Friday, December 20, 2013

Finding inner peace

On the right side of a semi-automatic pistol.

Yesterday morning, the dog and I jogged about a 1/2 hour.  I'm still keeping things easy so that the left leg issue stays away.

Yesterday afternoon, I went with my husband to a work party at a firing range.  Apparently, bowling was deemed "too boring". 

I had never fired a weapon in my life, although I used to play Duck Hunt and stuff like that; the closest I've come is pulling the trigger on a real but unloaded rifle hooked to a simulator.  There was no kick and no noise.  I didn't even know about the smell or the puff of expelled air and smoke, but my concerns were nevertheless ample.

But I had to try firing a real gun while I had the chance.  We once owned a small pistol for a few months; my husband had won it at a charity event back in Kansas.  It was a dull dark grey plastic, a colour that was mainly a void.  I touched it once and it didn't feel cold, just plastic; the inconspicuousness was unsettling.  It felt really odd just having it in the house even though it was closed up in a case tucked away in a closet and we didn't have any ammo.  My husband didn't like how the gun felt either, but how it fired, and it turned out that Cabelas buys weapons, so that was that.  I never fired it.  I didn't wish to fire it at the time, but later on, I regretted missing the chance.

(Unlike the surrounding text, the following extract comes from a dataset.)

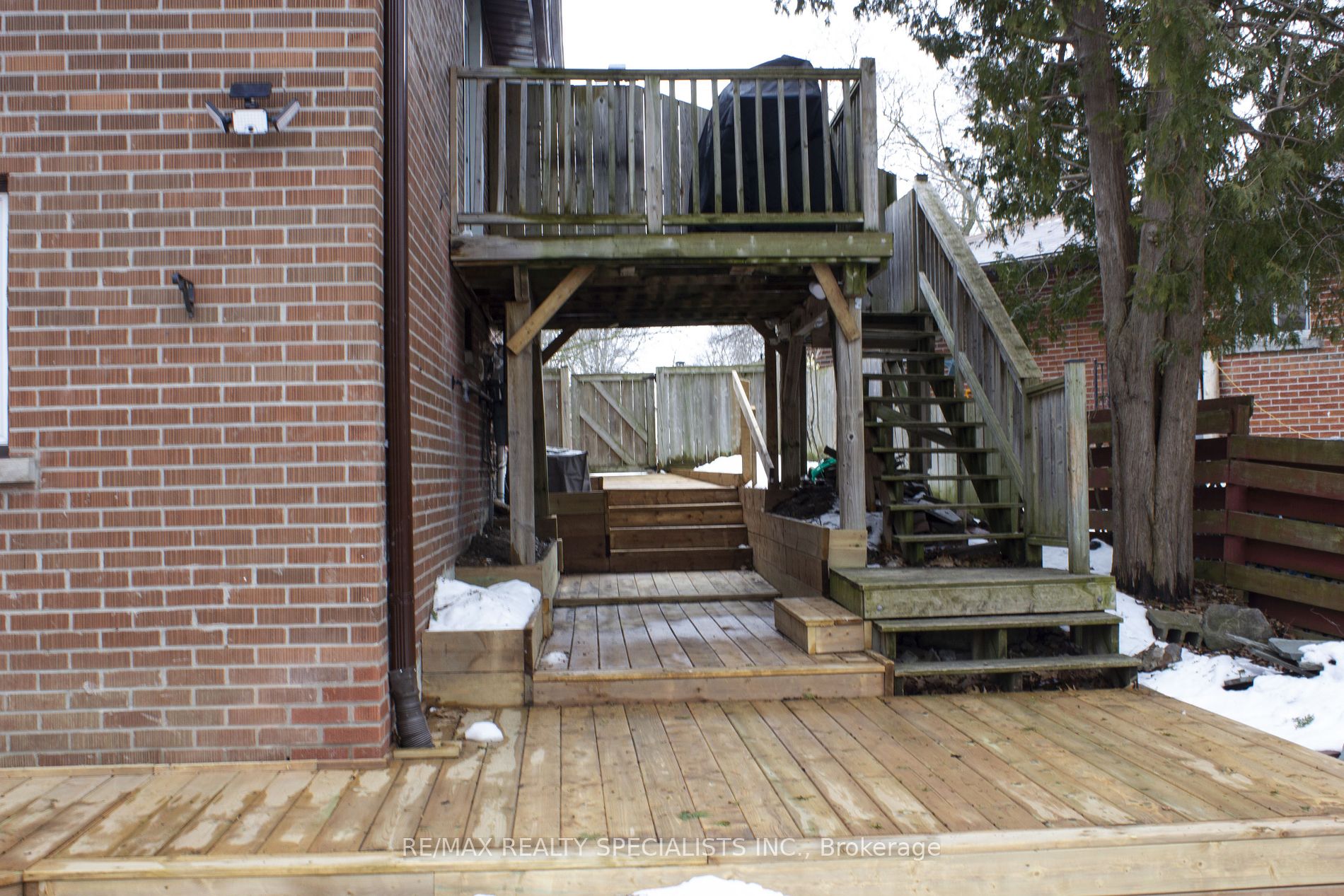 12 Woodgrove Crt, #Lower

I was passed a few pistols to hold at the party--I knew that they were unloaded but holding them was still so disquieting.  I was really doubting firing one.  But I had to try.

My husband gave me the safety drill and precautions, the sequence of loading and firing and unloading, the proper way to hold the pistol (although there are variations), the proper way to aim.  There's a fair bit to remember, but it was reassuring to learn it.  Then it came time to actually fire it.

This turned out to be actually incredibly simple, and peaceful. 

One dot.

Admittedly, there is a lot to consider when aiming, but when everything else in place, one dot (of the front sight) goes over the target--which shouldn't even be in focus at this point.  There is just one dot.  That's all.

The bang and recoil and smell comes later, after the simple peaceful instant.

I get sort of zen before power cleans--I have to empty my mind before heavier ones, otherwise they don't work.  But the focus prior to firing the pistol was much more intense and exclusive.  I forgot I was human, I forgot I was at a range, I even forgot I was holding a gun at times.  Just one dot.  As if it's the very first living cell of the entire universe.

Honestly, I loved it.  

I hit the paper on the first shot, which was apparently pretty good at that distance for anybody.  I tried a few different pistols and emptied four or five small magazines that afternoon.  No bulleyes, not yet.

I've taken many yoga classes over the years and a common theme has been 'being present'.  Silence the mental chatter, silence the mental chatter, I have continuously failed to silence the mental chatter.  My best efforts have merely muted it for a second or two.  How strange to finally totally shut it up during the antithesis of yoga.